Il est important de réagir rapidement afin de réduire au maximum la durée des interruptions de l’éducation. Lors d’une crise soudaine, comme un tremblement de terre ou une guerre, quand les écoles ont été complètement détruites, cela peut se faire tout d’abord par la distribution de supports d’apprentissage. Ainsi, les enfants peuvent continuer à étudier de chez eux. Dès que possible, des centres d’apprentissage temporaires sont mis en place pour assurer un enseignement aux enfants. Ces centres offrent également aux enfants et aux jeunes un espace de sécurité où ils peuvent à nouveau jouer et être ensemble dans l’insouciance. L’objectif à moyen terme est de reconstruire les écoles existantes et de les rendre opérationnelles.
Les enseignants bénéficient de supports pédagogiques nécessaires et de formations. De quoi les aider à aborder avec les enfants des thèmes comme la guerre et la mort ou à répondre aux besoins d’enfants traumatisés. Le soutien des parents est tout aussi important, afin d’encourager une approche aussi saine que possible de ces sujets difficiles à la maison.
Que fait Save the Children dans le domaine de l’éducation en situation de crise?
En tant qu’organisation internationale de défense des droits de l’enfant, nous nous engageons pour que chaque enfant ait droit à l’éducation, où qu’il se trouve et quoi qu’il se passe autour de lui.
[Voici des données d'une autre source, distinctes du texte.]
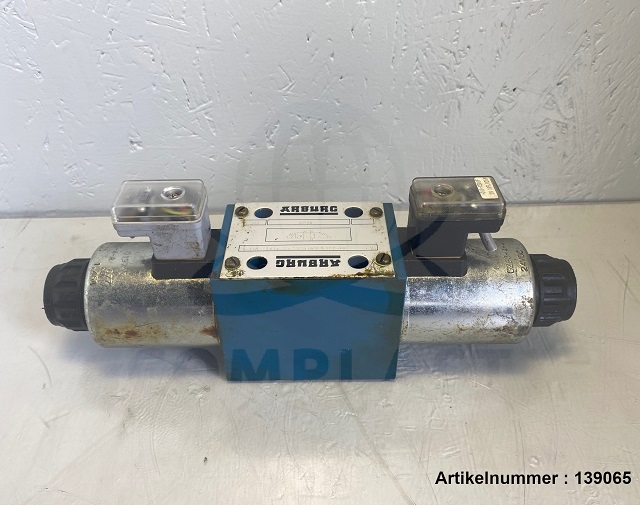Arburg directional control valve NG10 / 83.735 / R900475125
Pour ce faire, nous travaillons dans des pays affectés par des crises dans le monde entier et y mettons en place des propositions éducatives. Nous soutenons également les écoles existantes, les autorités responsables de l’éducation, les enseignants et les parents afin qu’ils puissent mieux répondre aux besoins des enfants affectés par des crises. Nous nous engageons également au niveau politique pour le droit à l’éducation et travaillons pour ce faire en étroite collaboration avec d’autres partenaires.
Il faut parfois des approches créatives pour atteindre les enfants et jeunes très défavorisés. Au Bangladesh, par exemple, nous permettons aux adolescentes des camps de réfugiés rohingyas d’accéder à l’éducation. Les filles issues de familles conservatrices n’ont pas accès à l’école, étant donné que leurs parents ne les y encouragent pas en raison des normes de genre et des problèmes de sécurité. En revanche, quelques adolescentes peuvent se rendre régulièrement dans les centres d’apprentissage des camps de réfugiés. Grâce à notre projet, ces jeunes filles rencontrent désormais régulièrement des jeunes filles de leur âge qui ne peuvent pas aller à l’école et leur transmettent ce qu’elles ont appris.
Lors de ma dernière visite, j’ai été impressionnée par les succès considérables en matière d’apprentissage des filles rohingyas: Je pense que c’est surtout dû au fait que le projet leur offre une chance unique de se former et leur permet d’échanger avec d’autres jeunes du même âge. Leur motivation et leur joie d’apprendre sont d’autant plus grandes!